Atlas did not use liquid hydrogen...it was Kerosene/Lox like the Roton is. Roton saves empty mass by widespread use of advanced composites instead of the stainless steel the Atlas body/tank was made of. And Roton stock is not available to the public (unless you have several hundred thousand you want to invest to make it worth their while to push it through the SEC). I think there may be an IPO after testing.

> next i must do the calcs. i have weights of the empty atlas, so
> from the info given, weight, size and specific thrust (i will assume
> they really did somehow figure out how to get 350 seconds vac isp
> out of kerosene and lox with a 400 psi chamber pressure) i can
> estimate (optimistically) drag coefficients and see if they really do
> have a chance of getting to orbit that way.

I thought they were running at higher pressure than that, but I could be wrong. Even at higher pressure and aerospike altitude compensation, it will be a tough goal. If 350 sec is an average for the whole flight, 9300 m/s delta-v (which is a good estimate including drag and gravity losses) the mass ratio is 15 or so. Even if the averaged specific impulse drops to 320, the mass ratio stays under 20.

> as for using an autogyro reentry system, i have gone even crazier
> trying to figure out how they could make that happen. every
> version of that i can imagine would be nowhere near handling
> the heat load of even a no-payload reentry. at best, i could imagine
> blades that would deploy very late in the reentry event, after going
> subsonic. this creates the need for a heatshield, which defeats most
> of the advantage of the autogyro system in the first place.

The rotor blades will deploy upward before reentry (like an umbrella blown inside-out) and stay in the lee of the shock way, minimizing heating. There, they will make the vehicle passively stable (so that loss of the reaction control system won't result in the vehicle losing control) but they won't be spun up for lift until the vehicle slows to sub-sonic. The heat sheild they are designing will be water transpiration cooled (think of it as an ablative heat shield, where the ablative material is water and it's replaced every flight). They expect to use rotors for hypersonic lift on later vehicles (both take-off and re-entry) but they now expect to have to actively cool them. That is more risk than they want to take on for a first generation vehicle.

> on the other hand, the system could perhaps be made so simple and
> cheap it would not be so critical to recover anything.

Doubtful. True land that sucker, fuel it up, kick the tires and fly again reusability is the only way they will be able to take on the big boys.

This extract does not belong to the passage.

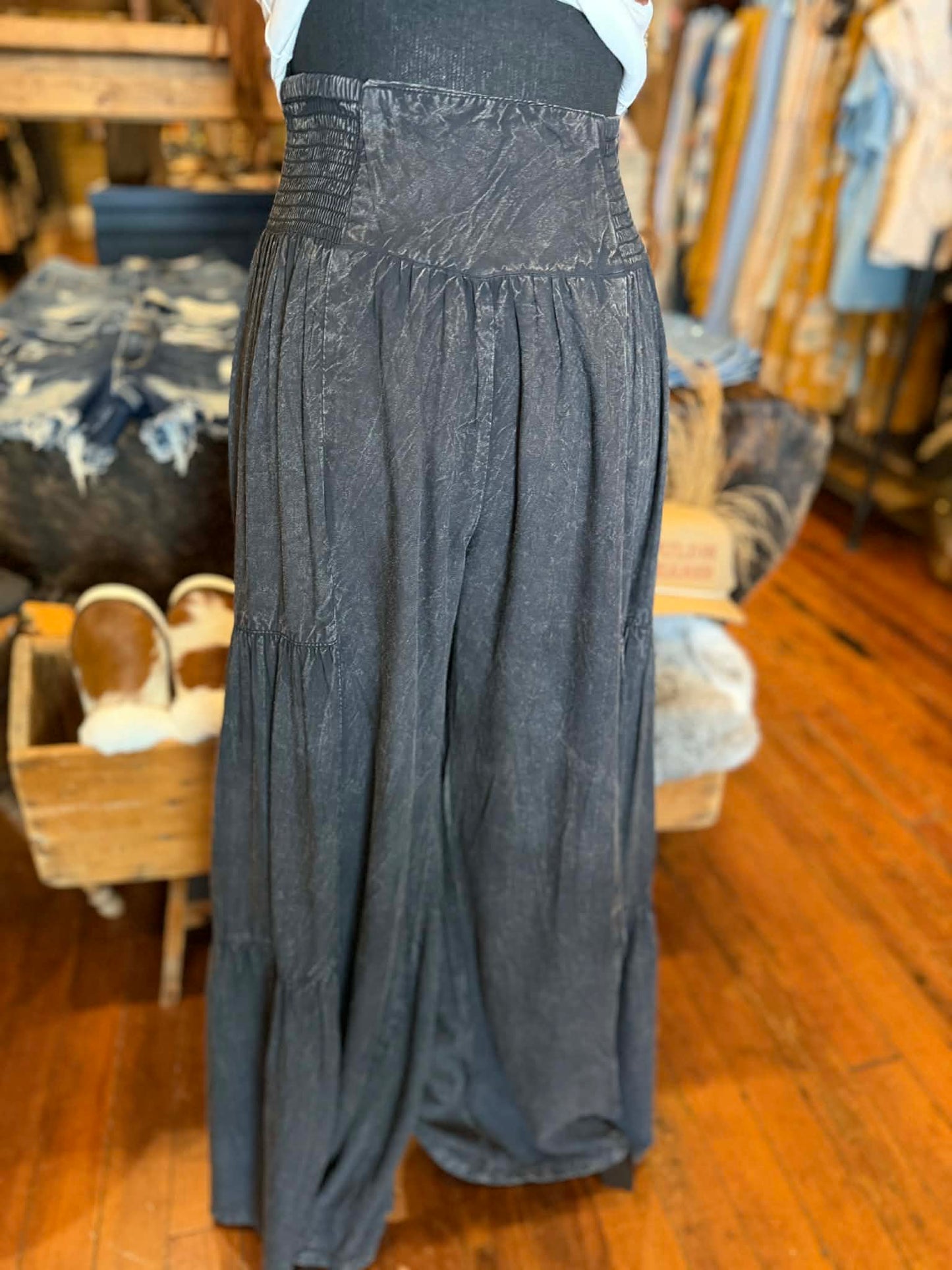 Blackwater Flow – Acid Wash Tiered Pants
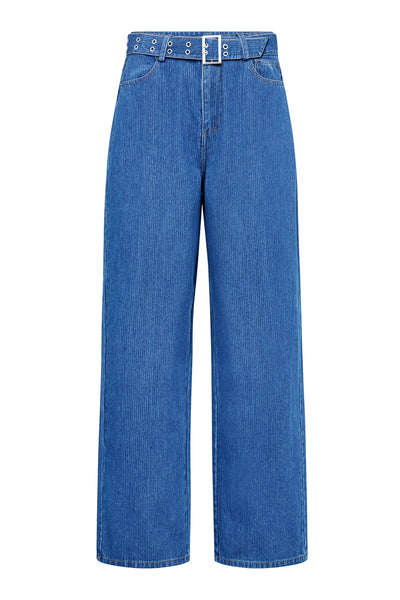 KimmyCC bältesjeans 555-Mörk denim - 41031 Thumbnail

> the whole exercise gives one a new respect for how deep a gravity
> well we are in down here. spike

Actually, I've been growing more and more appalled at how the cost and difficulty of spaceflight has been over stated over the decades. Only a government monopoly would think a disposable spacecraft reasonable (for other than the most basic test purposes). But once NASA established the status-quo, no one was able to buck it until now. I think Rotary will pull it off, if they have the financial ability to weather the loss of one or two vehicles during testing. A lot of "rocket scientists" will have a lot of explaining to do.